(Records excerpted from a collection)
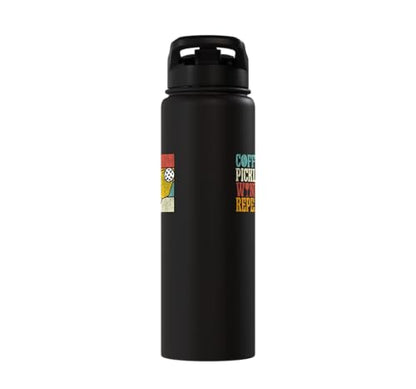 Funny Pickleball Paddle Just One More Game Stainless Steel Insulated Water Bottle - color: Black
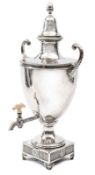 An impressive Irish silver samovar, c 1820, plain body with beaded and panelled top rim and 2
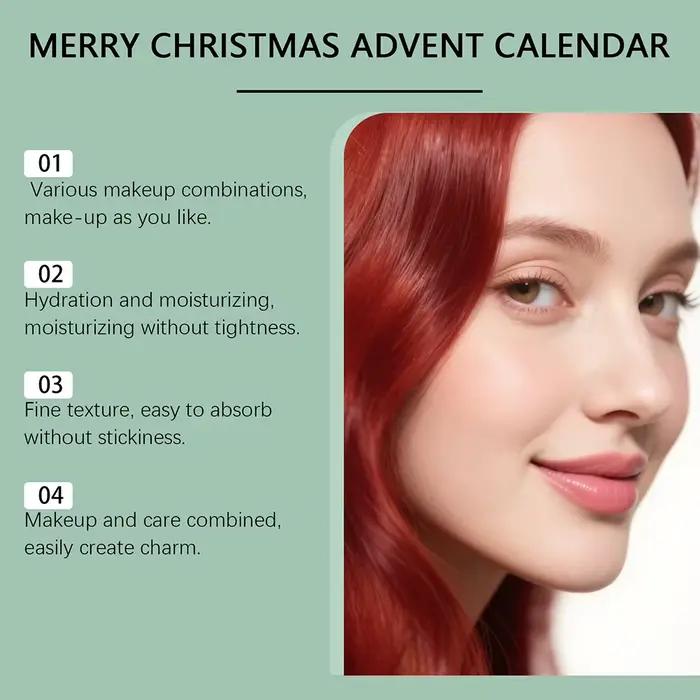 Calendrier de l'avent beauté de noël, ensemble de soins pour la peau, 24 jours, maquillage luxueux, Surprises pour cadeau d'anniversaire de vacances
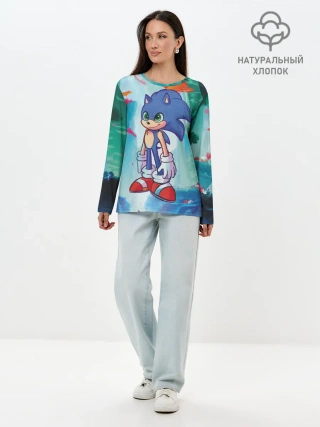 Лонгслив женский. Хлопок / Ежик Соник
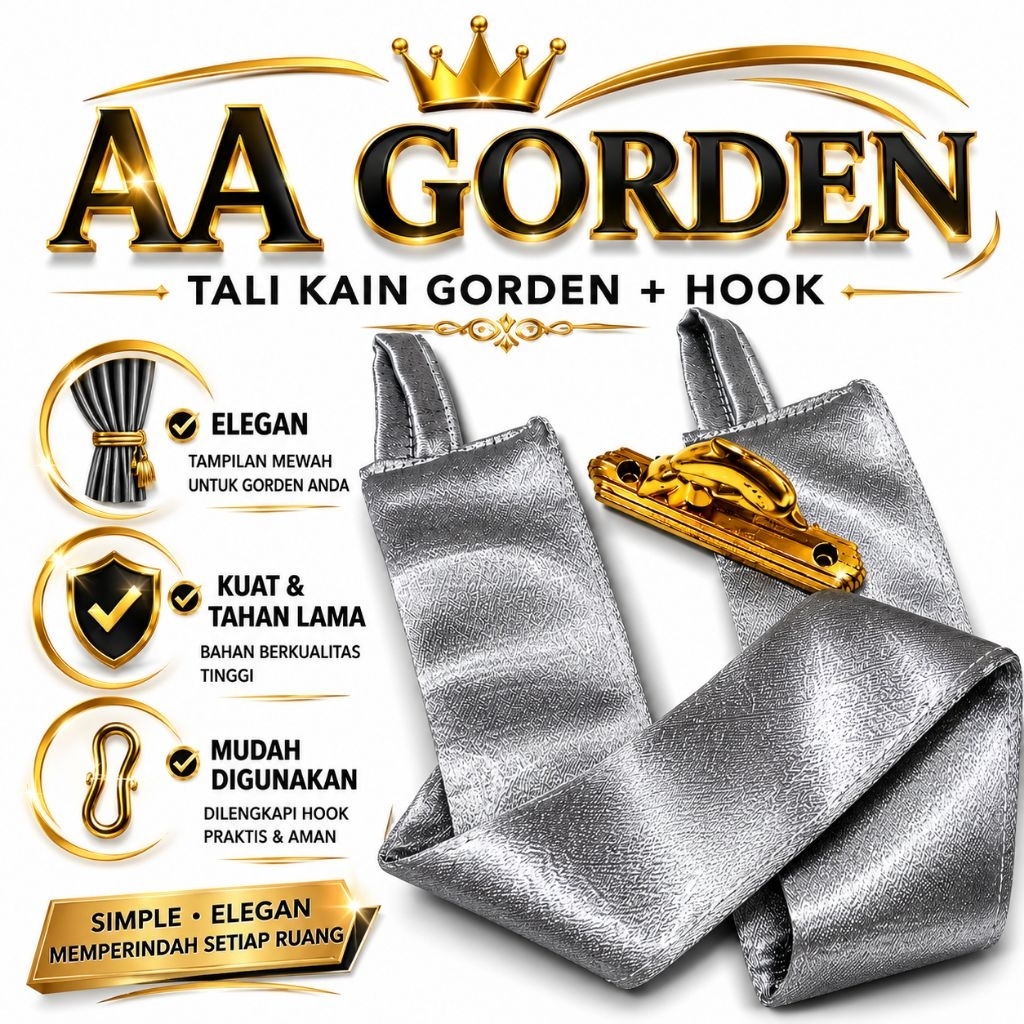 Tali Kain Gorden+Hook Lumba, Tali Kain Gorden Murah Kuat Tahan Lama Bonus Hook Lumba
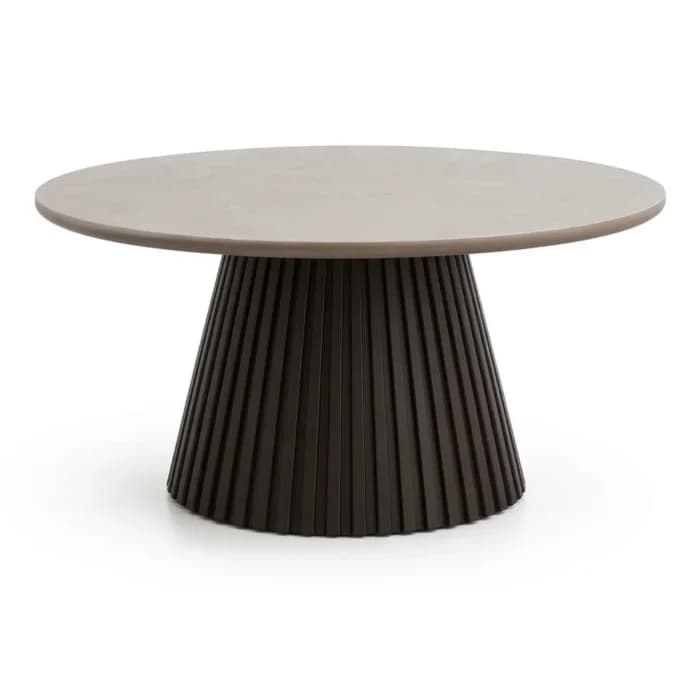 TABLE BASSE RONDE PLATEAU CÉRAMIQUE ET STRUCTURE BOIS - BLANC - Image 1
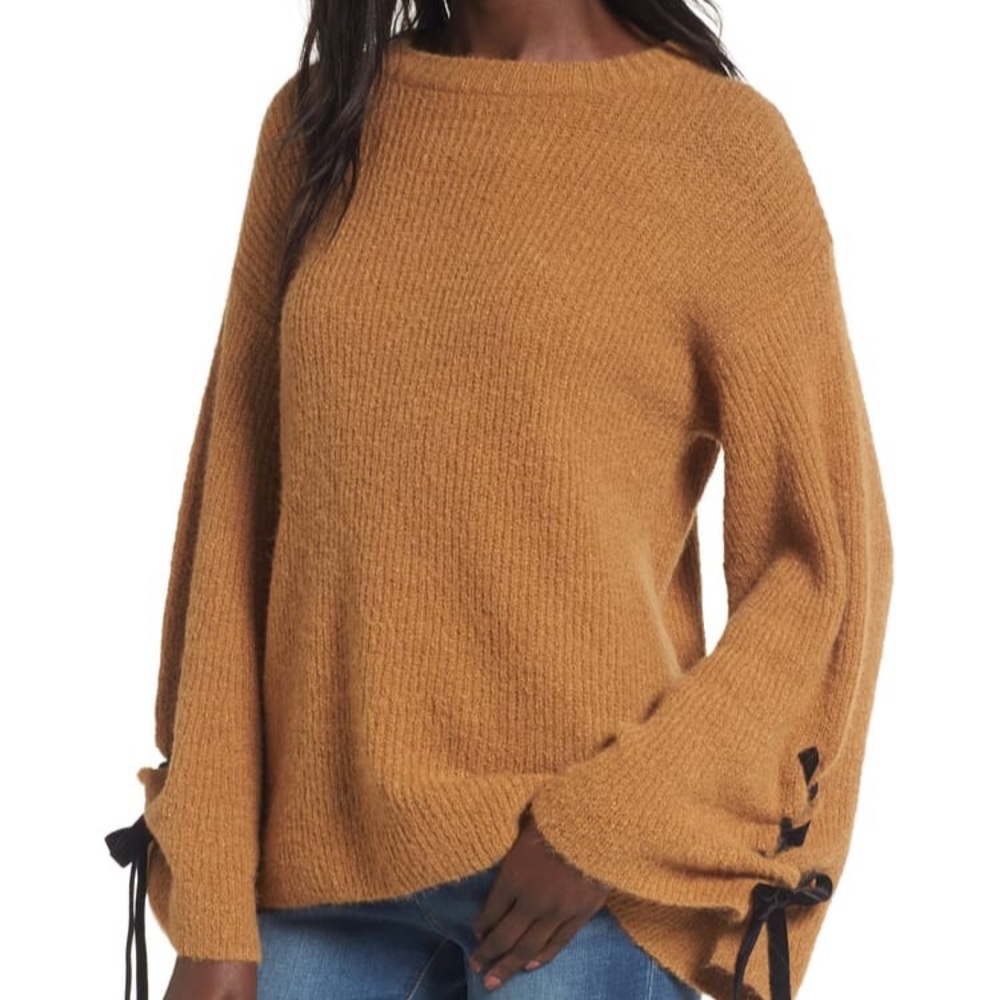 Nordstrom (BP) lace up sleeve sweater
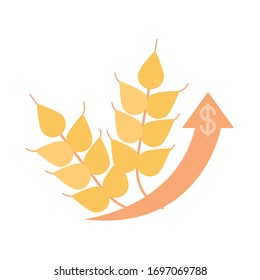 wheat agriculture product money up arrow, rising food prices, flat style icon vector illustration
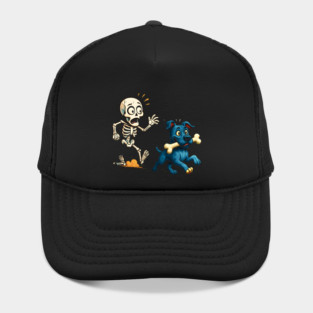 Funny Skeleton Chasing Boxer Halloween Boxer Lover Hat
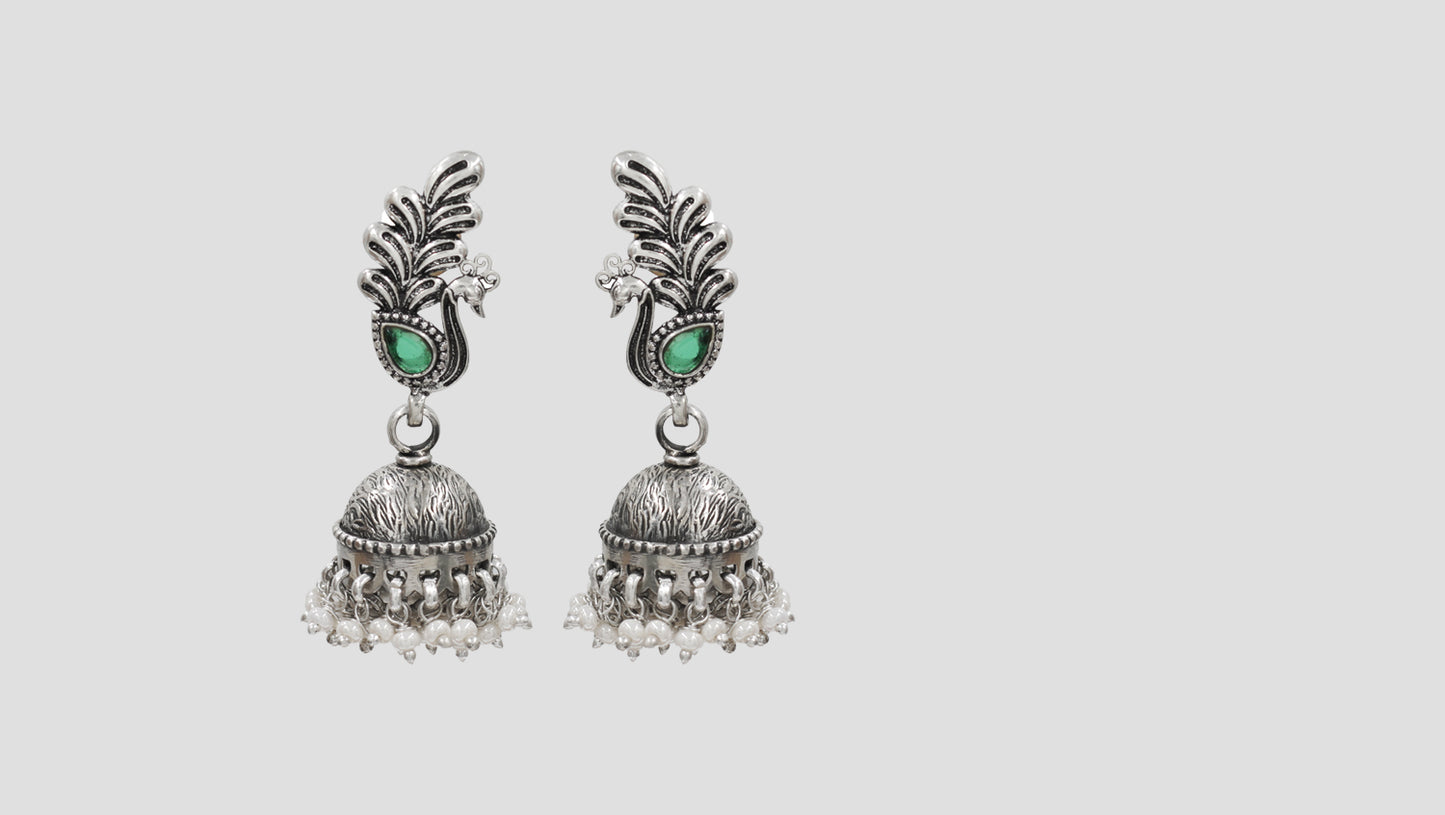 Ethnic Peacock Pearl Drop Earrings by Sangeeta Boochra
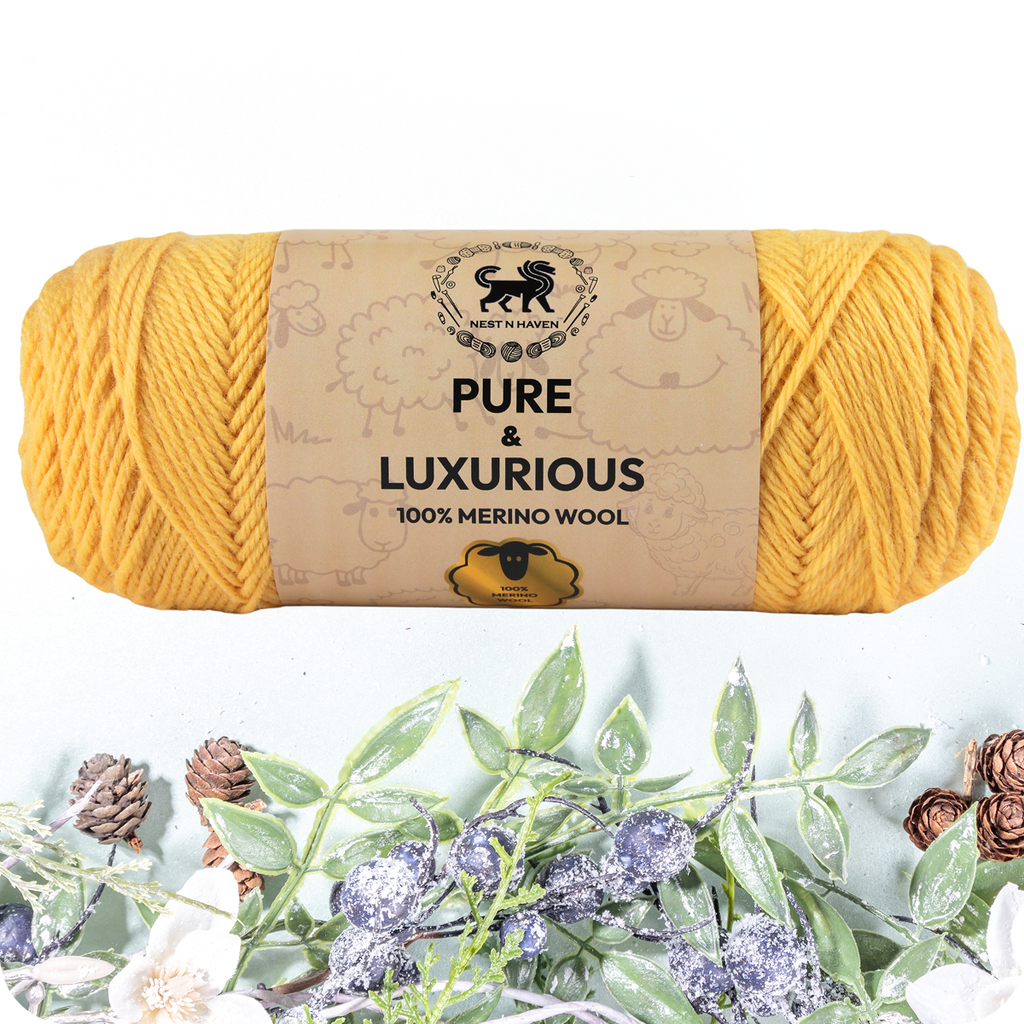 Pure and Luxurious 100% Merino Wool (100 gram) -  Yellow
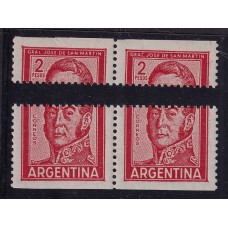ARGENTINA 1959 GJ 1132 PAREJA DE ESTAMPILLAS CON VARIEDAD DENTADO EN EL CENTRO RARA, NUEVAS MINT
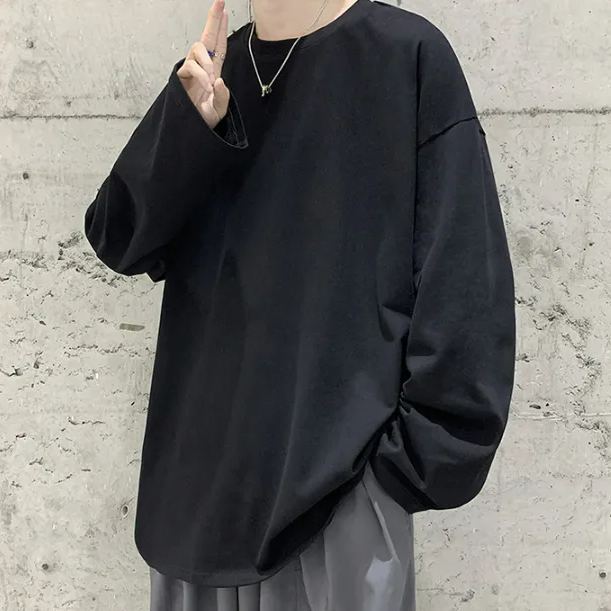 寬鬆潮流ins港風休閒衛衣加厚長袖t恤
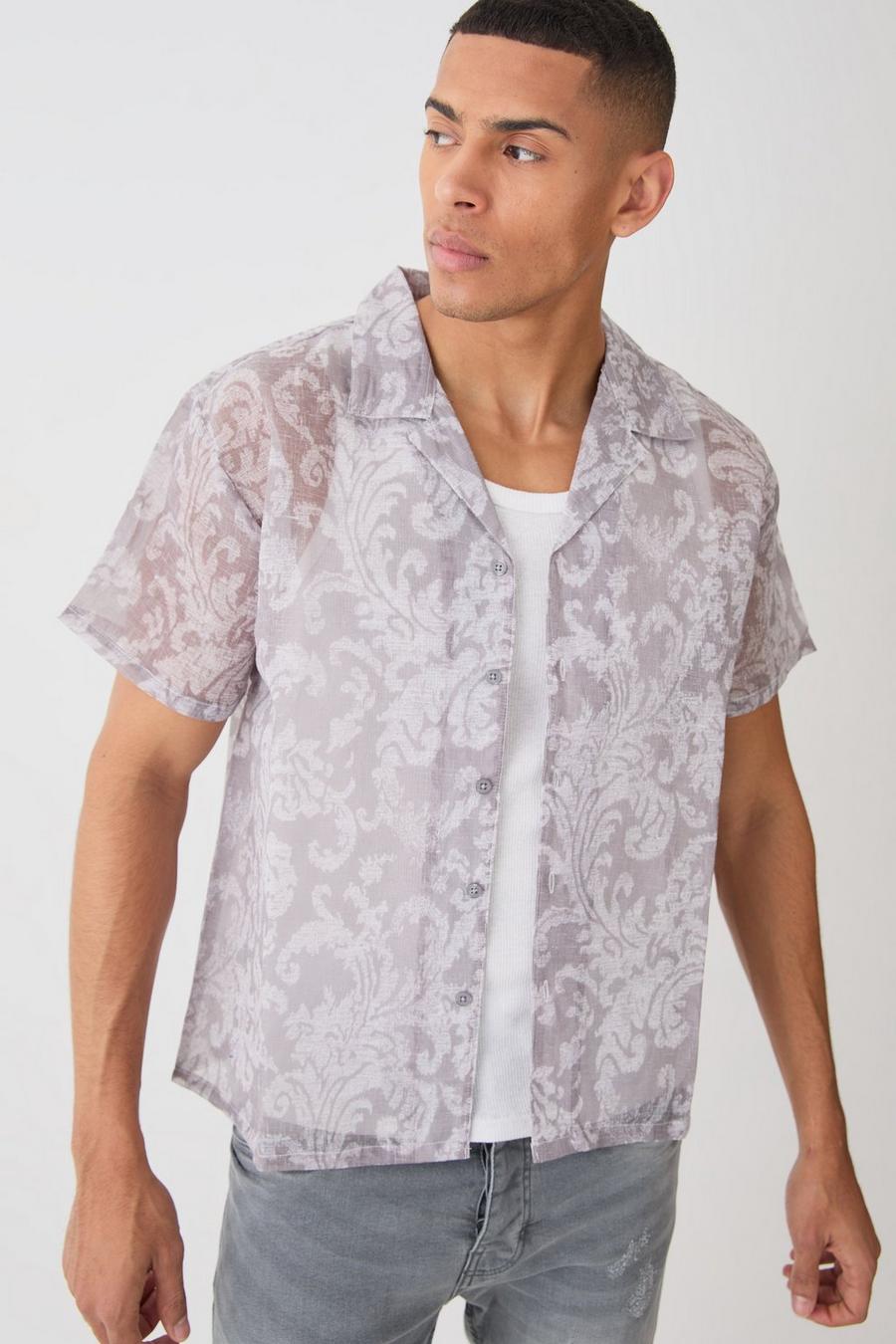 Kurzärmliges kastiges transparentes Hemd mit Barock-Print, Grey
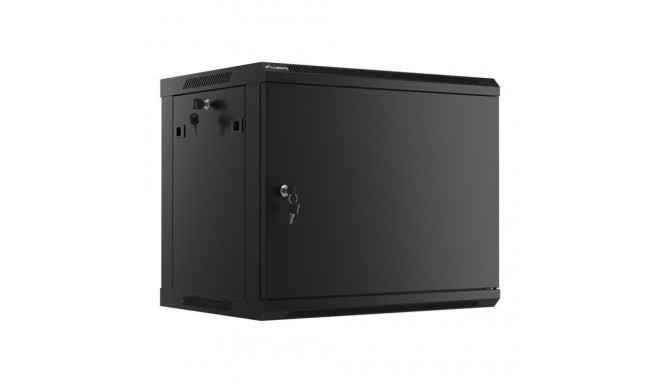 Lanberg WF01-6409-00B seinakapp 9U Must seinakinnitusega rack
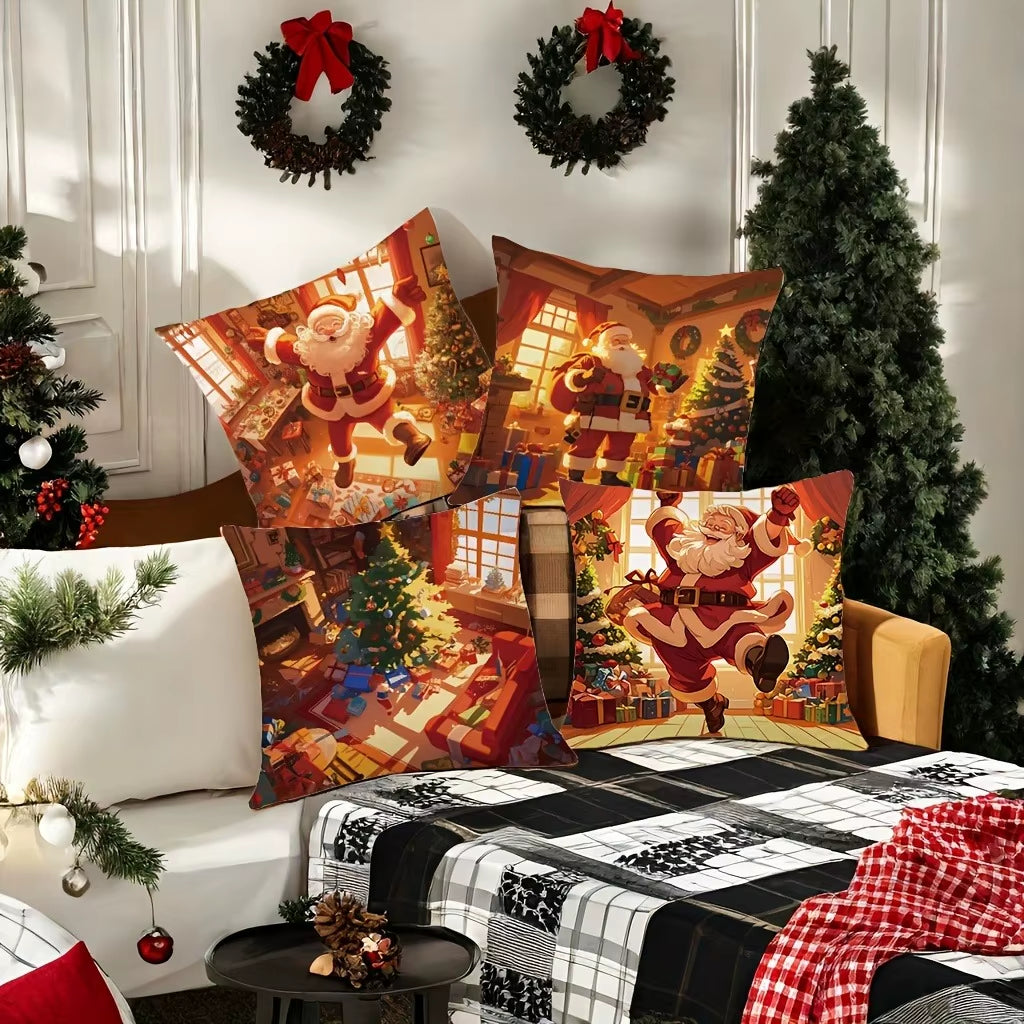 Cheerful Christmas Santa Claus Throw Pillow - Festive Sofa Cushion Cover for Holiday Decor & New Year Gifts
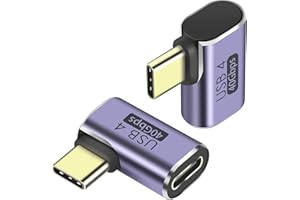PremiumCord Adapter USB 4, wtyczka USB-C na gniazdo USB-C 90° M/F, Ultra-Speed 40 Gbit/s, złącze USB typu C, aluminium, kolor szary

◆ Task prompt: Return exactly the lines from the one containing "Cheerful Christmas Santa" through the end of the records, leaving out every picture.

◆ Reply:
 Cheerful Christmas Santa Claus Throw Pillow - Festive Sofa Cushion Cover for Holiday Decor & New Year Gifts
PremiumCord Adapter USB 4, wtyczka USB-C na gniazdo USB-C 90° M/F, Ultra-Speed 40 Gbit/s, złącze USB typu C, aluminium, kolor szary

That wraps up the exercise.